The year 2011 saw a 13% uptick from the previous year in the number of police officers killed in the line of duty. This statistic alarms me and should be a wakeup call for every law enforcement head throughout our great nation. One death is too many; 173 deaths are outrageous. So why is there no hue and cry from the media? Where is the outrage and promise of support to help protect our courageous Warriors?

According to The National Law Enforcement Memorial Fund, the preliminary numbers for the year 2011 regarding the manner in which 173 heroes were killed break down thusly:

  • 68 officers killed by gunfire
  • 64 officers killed in traffic accidents
  • 41 officers died due to other causes

Not only were more officers killed last year, a 15% increase over 2010, but more of them died as a result of firearms rather than traffic accidents. That figure also represents a trend—cops killed by gunfire has been increasing the past three years. Deaths due to firearms have become the number one cause of death for the first time in 14 years.

Statistics are just numbers as they relate to politics or finances. Anyone can manipulate the numbers to their own end and demonstrate whatever result or point they wish to prove. However, in the case of law enforcement officers killed, the numbers are exactly what they represent: a growing disrespect for law and order and those who are sworn to uphold the law. Cops are increasingly the brunt of insults (the Occupy Movement is a recent example) and cops are objects of derision and assaults, e.g., objects thrown at them and miscreants spitting on them.

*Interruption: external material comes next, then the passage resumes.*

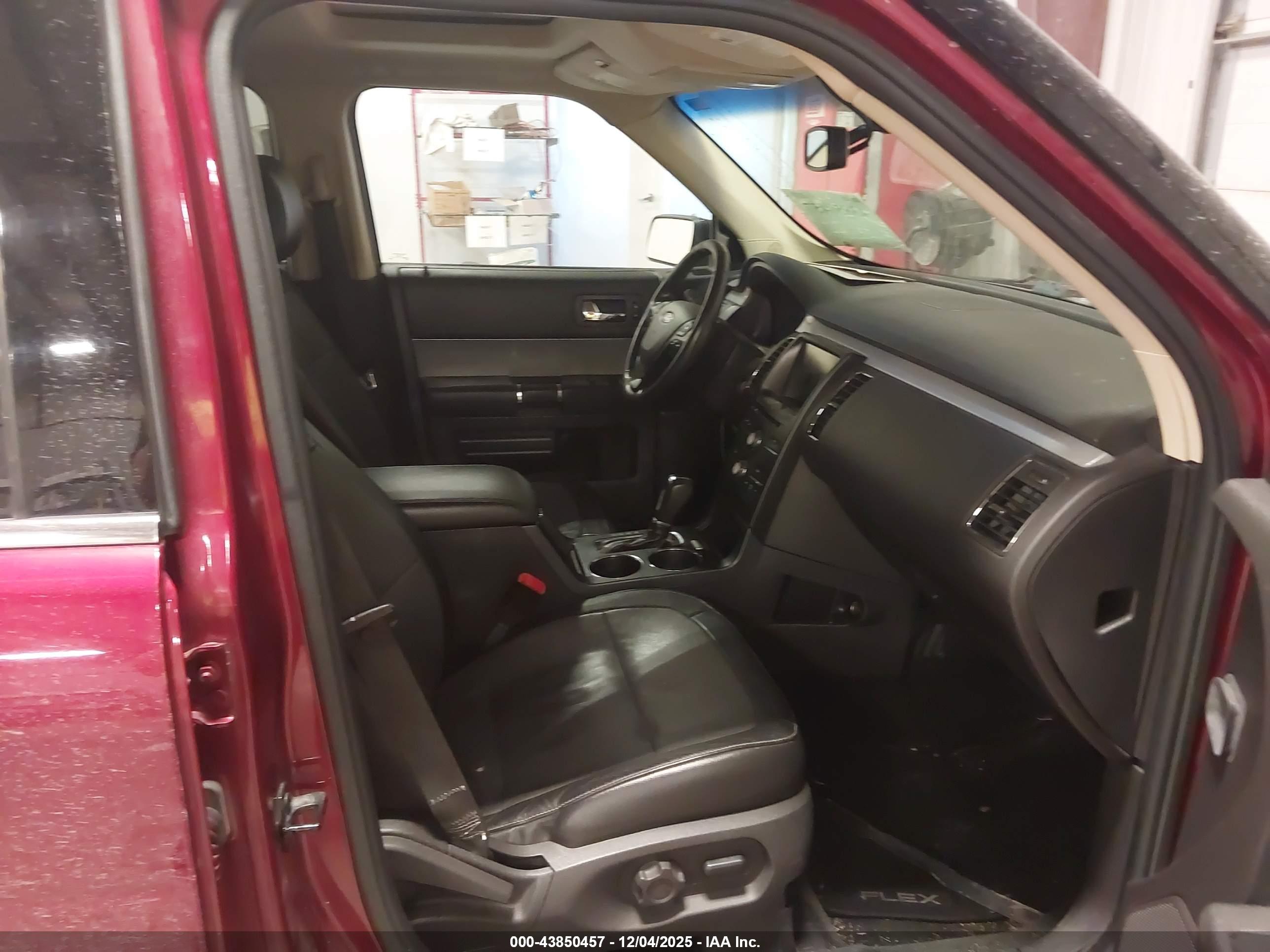 FORD FLEX image 5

Our men and women are expected to do their duty and not react in any other way than what is considered to be professional, all the while being filmed by media and others who hope to capture the police looking evil and brutal while the lawbreakers egg them on. Their objective is to show the cops victimizing harmless citizens. Really? What result does this provide? Our officers tend to focus on their own perception of how others view the incident the officers are involved in, rather than concentrating on the threat the cops face. The officers worry about how their actions will appear on the nightly news or in the morning paper. They hesitate when they shouldn’t; become reactive instead of proactive. Add into the mixture, bosses who defer to the loudest voices (politicians, media and other whiners) rather than backing their troops, and you wind up with a recipe for disaster.

I submit that one of the problems that has led to the increase in LE deaths is money, particularly the lack of money. Budgets have been cut, which means training is always the first casualty. Craig Floyd, National Law Enforcement Officers Memorial Fund Chairman, offered this: “Drastic budget cuts affecting law enforcement agencies across the country have put our officers at grave risk, at a time when officers are facing a more cold-blooded criminal element and fighting a war on terror, we are cutting vital resources necessary to ensure their safety and the safety of the innocent citizens they protect.”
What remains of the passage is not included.